Bien sûr, il n’y a pas de définition ce qui est ou n’est pas littérature, ni de ce qui définit un écrivain d’un autre qui ne le serait pas.
Seulement, l’histoire de la littérature française est faite de ces surgissements qui a priori lui sont hétérogènes. Les Chants de Maldoror ou ce type de 17 ans qui surgit à pied de Charleville dans la bonne poésie symboliste parisienne. Ou les Oraisons de Bossuet ou les Lettres de Sévigné sa contemporaine ? Ceci pour rappel.

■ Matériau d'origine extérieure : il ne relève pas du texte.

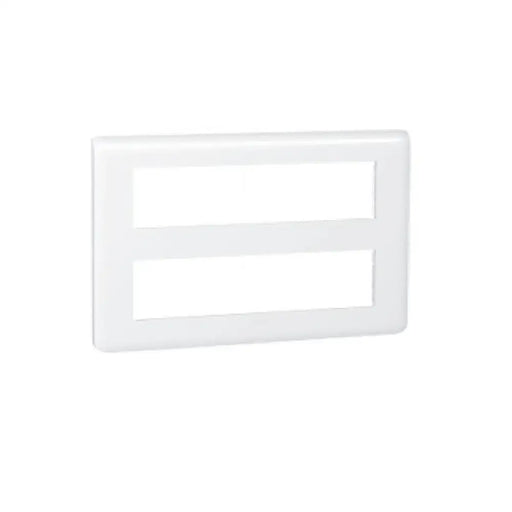 ЛИЦЕВA РАМКА 2Х8M MOSAIC LEGRAND - БЯЛА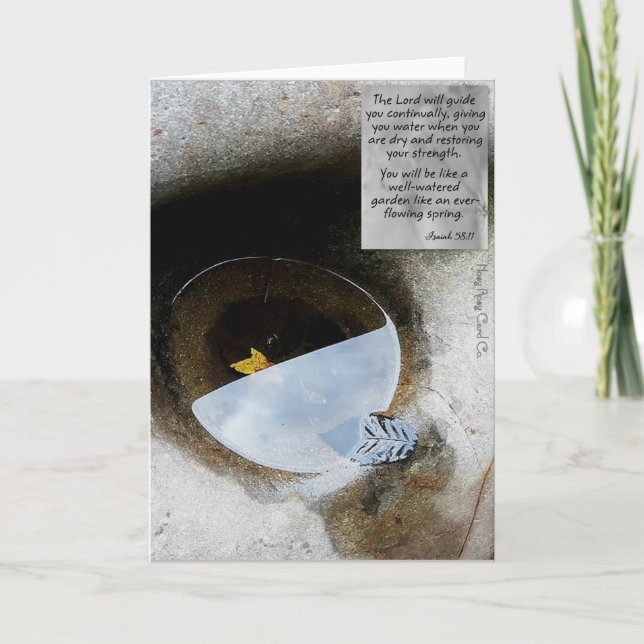 Tarjeta Agua viva (Anverso)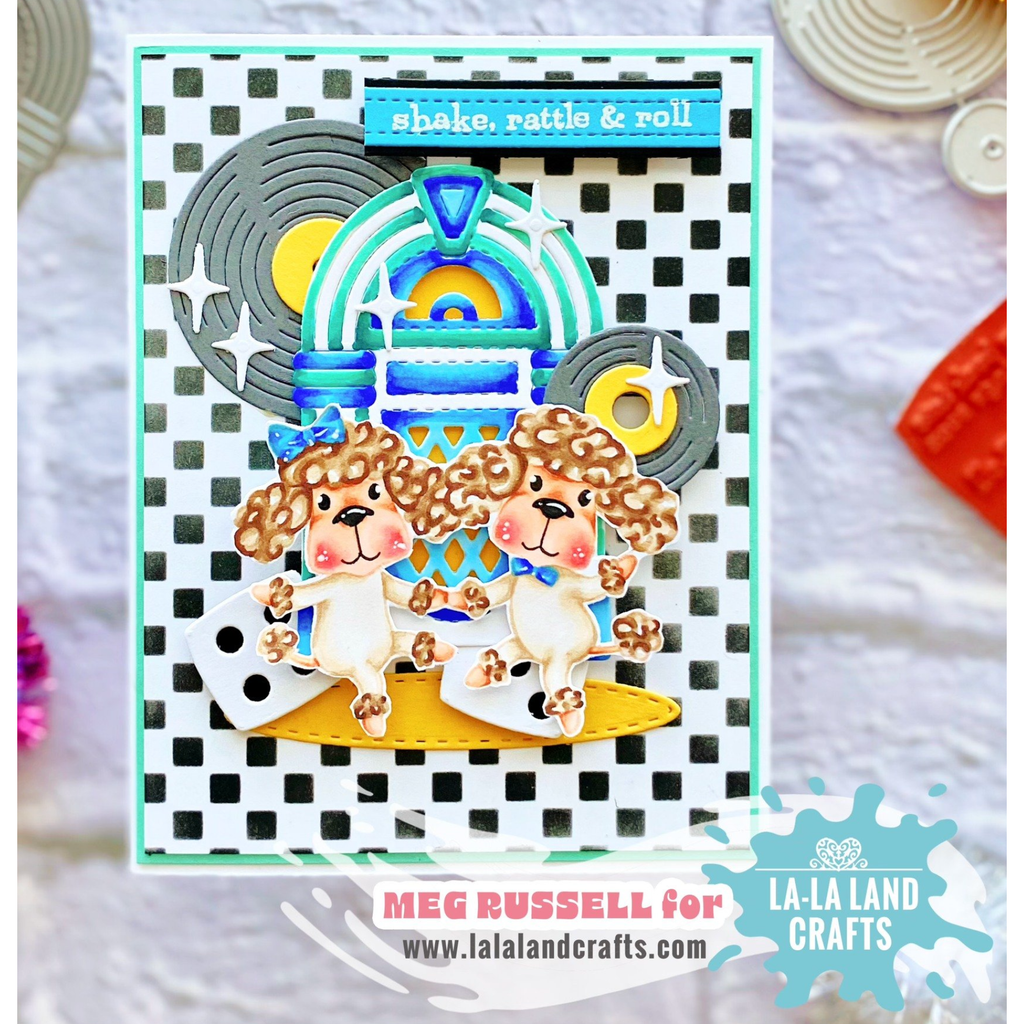 La-La Land Crafts Jukebox Die 8837 let's dance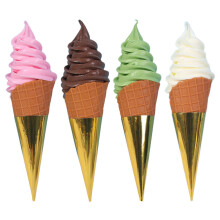 8 Unidades De Falso De Plástico Postres Artificiales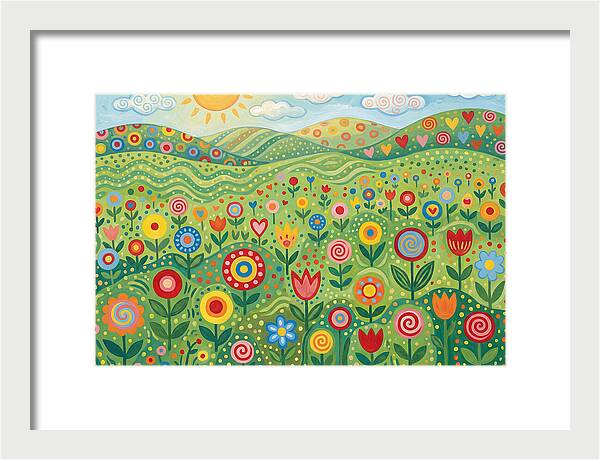 Spring Meadow Bliss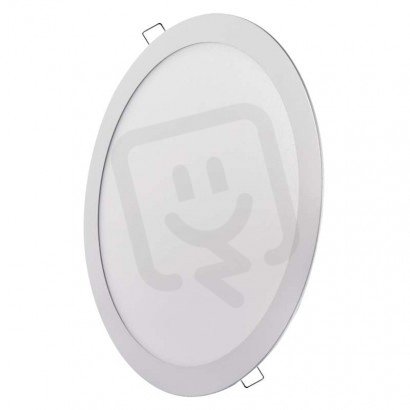 LED vestavné svítidlo PROFI, kruhové, bílé, 24W teplá bílá EMOS ZD1151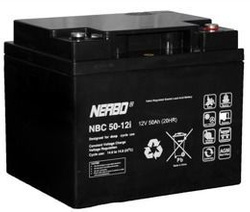 Akumulator NERBO NBC 50-12i 50Ah 12V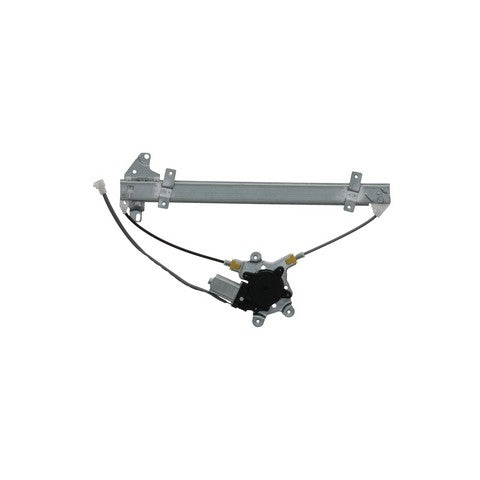 TrakMotive Window Motor and Regulator Assembly P/N:21-1157 Fits: Mitsubishi Lancer 03-02 - Image 3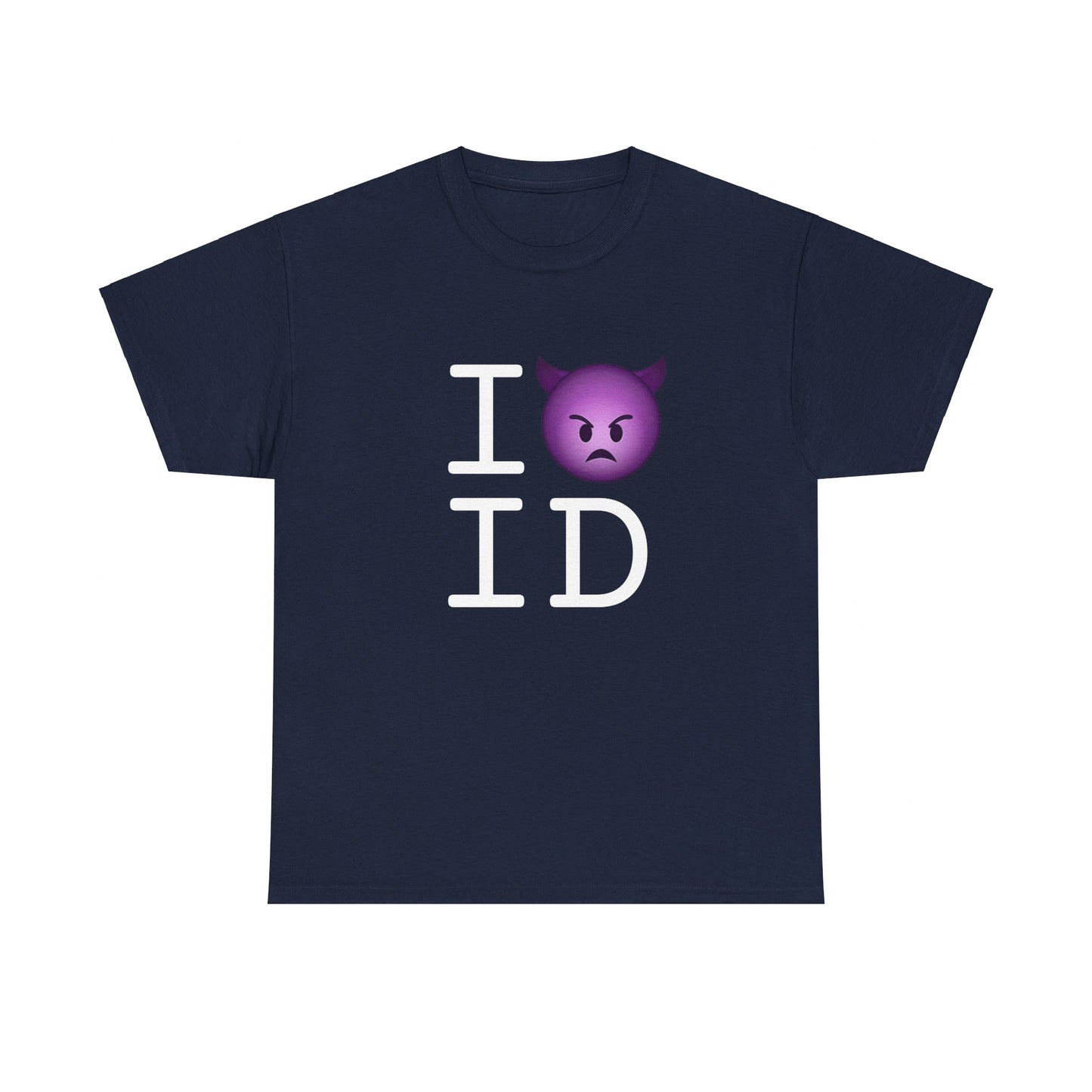 "I'm an Angry Devil about Idaho" Tee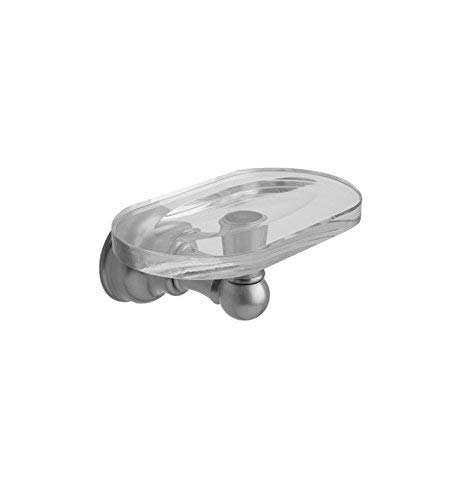 Jaclo 4840-SD-CB Jaylen Soap Dish, 6 x 5 Inches, Caramel Bronze - Stylish Bathroom Organizer for Showers, Sinks, and Countertops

Donc, pas de critère : la décision n’appartient pas à l’auteur.
Mais tous ceux qui ont approché Joris Lacoste, ou l’ont entendu lire, l’ont compris en trois mots, que la question, à son propos, ne se posait pas. Et c’est inexplicable, et doit le rester.
Pour moi, c’est passé, écoutant Joris, par cette présence rilkéenne extrêmement concrète des choses, du temps, de l’espace, un certain rapport entre le mot et ce qu’il désigne, qui vient passer à travers le chant et la déstructuration rythmique de la langue.
Il se trouve que Joris Lacoste n’a pas choisi, pour son travail où l’écriture est centrale en permanence, le chemin convenu des formes littéraires.
Pendant plusieurs années, un travail d’expérimentation et de performance (avec Stéphanie Béghain, notamment) : on en trouvera des traces audio et vidéo dans différents sommaires de chaoid.com, dont on aurait bien aimé qu’il reste plus présent dans le paysage qu’ils ont contribué plus que d’autres à bousculer.
Joris est allé plus loin : au lieu de se coller à faire un livre, comme les autres, il s’est embarqué dans les tournées d’un danseur et chorégraphe de premier plan, Boris Charmartz. L’expérience du corps et du mouvement comme substrat aux avancées de la langue ?
Et, depuis deux ans, il a pris la direction des Laboratoires d’Aubervilliers, là aussi creusant d’abord l’expérience plateau, les croisements disciplinaires [1].
Voici deux textes d’abord publiés dans Inventaire/Invention, et dont nous souhaitons, avec l’auteur, assurer la continuité et la disponibilité : ils font partie des repères les plus contemporains dans le travail de la langue.
Aussi bien dans Ce qui s’appelle crier que dans Comment faire un bloc sont présents les énonciateurs, non pas des personnages, non pas des acteurs, mais des voix en mouvement, en traverse d’espace, qui vont prendre le risque du monde, son énonciation au plus près, la tâche de révolte, et ce qu’elle induit du travail intérieur.
Joris Lacoste, avec ces deux textes, a installé une partie de la grammaire de notre littérature contemporaine, hors genres – la poésie ici déborde, et tout le récit est appelé.